We now have a system imposed on us which will be impossible to work…. Mrs X phones her local councillor at 11pm to complain about yobs in her street.  Councillor says “nothing to do with me, contact your PCC.”  PCC says “that’s an operational matter, contact the chief constable.”  Chief Constable says “I am following the policy set for me by concentrating on drugs in another area.”  Everyone points at someone else!

All public services are suffering budget cuts, so how will a police commissioner change anything? They might be able to re-arrange the deckchairs, but they won’t alter the course of the ship.

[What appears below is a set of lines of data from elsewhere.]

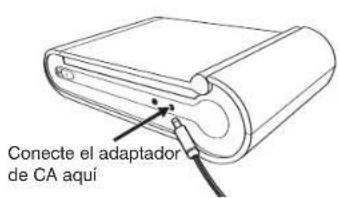HOMEDICS BPA-450WGN - USO DEL ADAPTADOR DE CA - 1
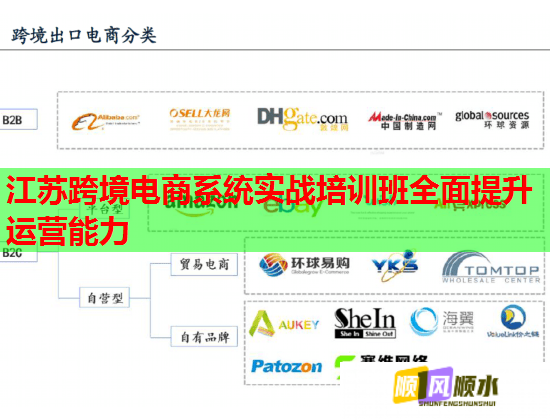 江苏跨境电商系统实战培训班全面提升运营能力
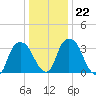 Hudson tide chart for Thursday, January 22, 2026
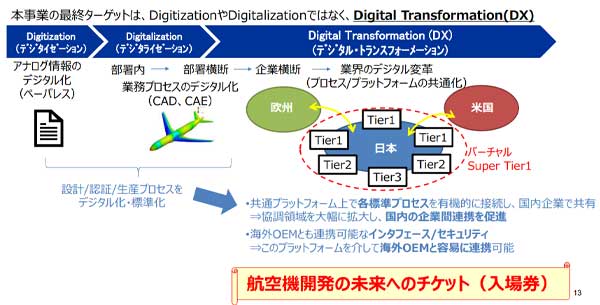 講演資料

Thursday was NOT the dismal day for democracy…. Democracy is a process which needs involvement – association with, belief in, and collusion with – with government. Participation is the evidence that it is working well…. Where each participant has no belief in the process, and people feel estranged from the choices being offered to them, then terrible things happen, such as we have seen today…..Each “disaster” can be explained in at least two ways, and the ‘political class’ – an entity which is more like the old phrase, ‘the establishment’ or ‘the powerful’ or ‘our rulers’ – should be looking at themselves for the explanation, rather than assuming that ‘the people’ are remiss…..We the people, the workers and the tax-payers are getting very annoyed with always being the first-call for blame. The capitalist crisis was not our fault, that Labour is still tory-light is not our fault, and that an arrogant and conceited coalition thinks we should be pleased to have our police politicised through PCC elections is not our fault either. We just say no…..

The first PCC elections generating lower than 15% turnout is largely down to the fact that few people want their police to be politicised by ideological anti-state rightwingers who do not realise that this step reduces the effective accountability of the police.

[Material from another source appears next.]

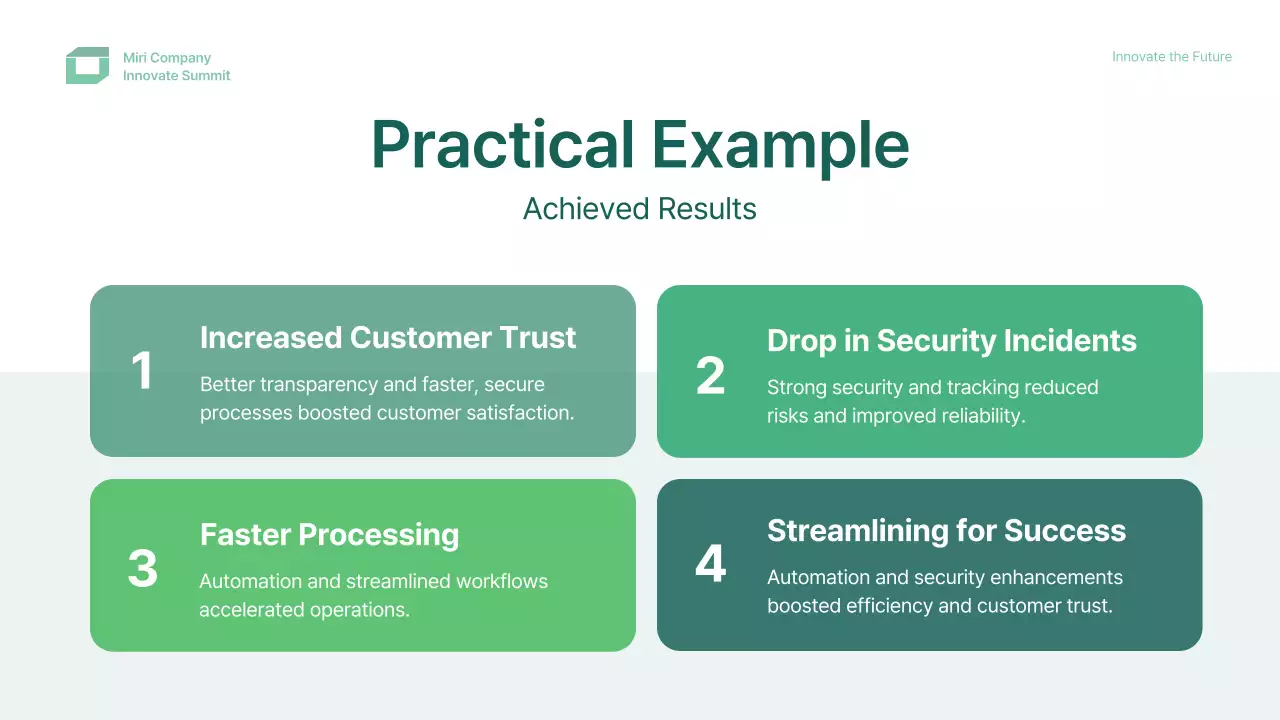 Presentasi Konferensi Mint Modern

It seems to me self-evident that people hate this government in huge numbers. In the past, this hatred would have manifested itself in overwhelming support for the Labour Party, but what we see instead is, at best, lukewarm support for them. Yes, Tory-lite policies are ahead in the opinion polls, but this reflects only the ‘get these Tory bastards out at any cost’ feeling among the majority of the electorate.

What is scary, however, is the complete lack of political engagement that characterises most of the population. The Labour Party was born in a world of liberal economics, but grew out of the dispossessed, both represented and was represented by the dispossessed, and argued emphatically that the dispossessed could create a better world for the dispossessed. Today, the Labour Party (like their supposed sympathisers in the media, like Democrat spin doctors in the USA) believe that only an appeal to ‘the centre’ can secure victory in the future. The entire history of the Labour Party demonstrates that this is untrue. The ‘centre’ is so far to the right in modern politics that is says NOTHING to the majority of the population, whose living standards are declining before their very eyes. This appeal to the so-called centre (which, thirty years ago, would have been regarded as off the scale right-wing Thatcherism, with its myopic belief in the power of the unfettered market to do good, for God’s sake) has stranded an ever-larger section of our society in an apolitical wilderness.

When I was a young working class kid, I didn’t really understand the significance of the working-men’s and Labour Clubs that dotted the streets of the industrial north. I do now. They were a genuine link between the daily struggle of ordinary people working for very little (but striving to keep their families going and their pride intact) and those who were fortunate enough to represent them in a democratic system that gave the workers a voice previously denied to them. That voice could, just for once in our history, be heard LITERALLY, in the working class accents in the House of Commons during the 1970s. Just then, the working class were taken seriously. Today, they are nothing… discarded to the dustbin of history. This is reflected in the horrific state of our cities: abandoned, shuttered and derelict. We have lost the battle.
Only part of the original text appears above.